Break Out the Board and Head to Europe’s Best Snowboarding Spots

177495561For many snow lovers, wintertime is all about skiing and finding a new and challenging place to practice the sport. But if someone in your traveling party fits this demographic – 15 to 30, energetic, a bit of a daredevil, and into extreme winter sports – chances are that when you travel you’re also on the lookout for a great place for your snowboarding friends or family members to hone their skills and simply have a good time.

Demographics show that the average serious snowboarder is now somewhere around 27 years old, a little older than 10 years ago, when that number was closer to 23 or 24. That’s not to say, of course, that you won’t find plenty of teenagers on the slopes. As a matter of fact, many resorts – including those in Europe – are reaching out to younger visitors, attempting to entice them to try snowboarding, primarily because the “original” crew of snowboarders has matured now and has stopped participating in the sport, impacting the income that used to come in from avid boarders.

Today, that means if you visit one of the Europe’s many ski resorts with your high-school aged boarder, they are likely to be enticed by resorts who want them to check out the great terrain parks and extreme terrain, and you’ll find that they’re catering to those in their age range. Indeed, many resort owners are aiming to keep younger boarders engaged and interested so that they’ll come back again and again.

Here’s a list of some of our favorite places for snowboarding in Europe.

·         Verbier, Switzerland – Many snowboarding experts believe that beautiful Verbier boasts the best extreme terrain in Switzerland and among the best in Europe. It’s especially attractive to freeriders, but does have a very good terrain park as well – La Chaux Park, right below the lift of the same name. The park has great rails, kickers, and more, but the coolest feature is their camera system that can record your run through the park, allowing you to then you can share it online! Expensive but worth it.
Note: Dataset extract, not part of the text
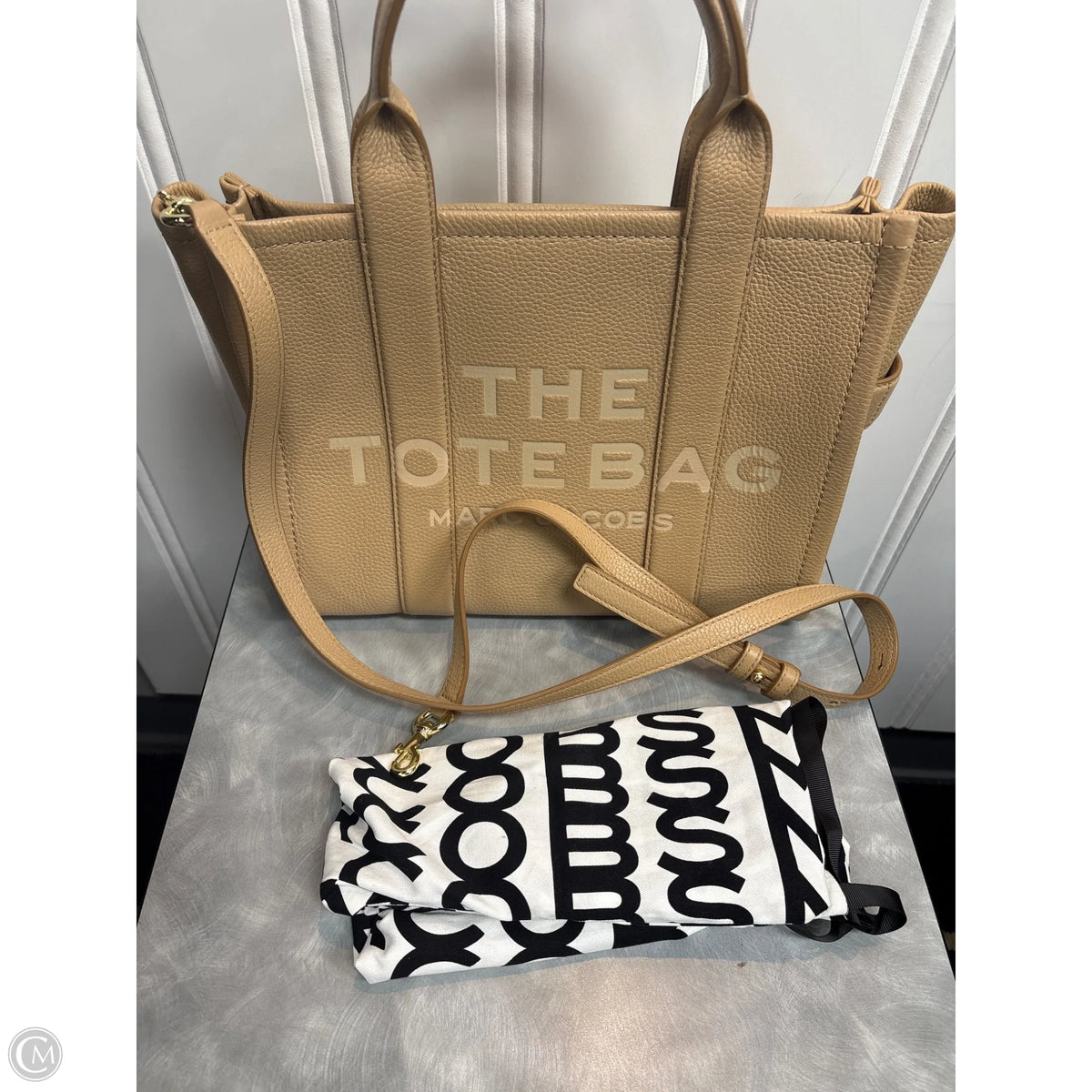 Tote Luxury Designer By Marc Jacobs, Size: Large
·         Davos, Switzerland – Part of the appeal of Davos is that it’s really easy to reach via train, including via the wonderful Glacier Express. But once you get there, you’ll find there’s something for everyone, even those who don’t snowboard or ski. Truly, it’s an all-around resort. But for boarders, there’s really excellent freeriding, a terrific terrain park, and two fum halfpipes. It’s most attractive to beginners and intermediates, but everyone can have fun here. Great après ski scene, too!

·         Les Arcs, France – This resort in the French Alps is especially attractive to young adults over 21 because of its vibrant club scene and après ski fun. But if you’re heading there simply to enjoy the powder, you won’t be disappointed either. This is a vast resort, so it never seems crowded, which is ideal for those not all that experienced in freeriding. This resort was actually one of the first to really promote the sport, so they are committed to enticing boarders and keeping them. But don’t let the name of the snowpark – Apocalypse – scare you. There’s plenty for the inexperienced there as well.

·         Ischgl, Austria – Ischgl, with its top-notch terrain park, is kind of the renegade spot for snowboarders with an edge. It’s very expensive, boasts a lot of “gentlemen’s clubs”, and can be full of sketchy types. But if you can deal with that, you’ll be treated to one of the best terrain parks in the Alps and a very beautiful location as well. Best suited to intermediate snowboarders, the resort’s signature Playstation©Vita Snowpark is redesigned every year, so you’ll always have a different experience. There’s also a beginner’s park as well as a “king-sized” park that attracts pros from around the world.

·         Flims, Switzerland – Flims, less well-known than many Swiss resorts, provides boarders with an overall excellent freeriding area with some real challenges, as well as two well-maintained terrain parks and two great halfpipes. Because Flims is often overlooked for nearby Laax, its crowds are smaller all year long, which is perfect for those who aren’t looking to show off but just want some space to practice their tricks, etc. One of the first resorts in Europe to truly embrace the sport of snowboarding, Flims has remained ultra snowboarder-friendly, so you’ll never feel like a second-class citizen there.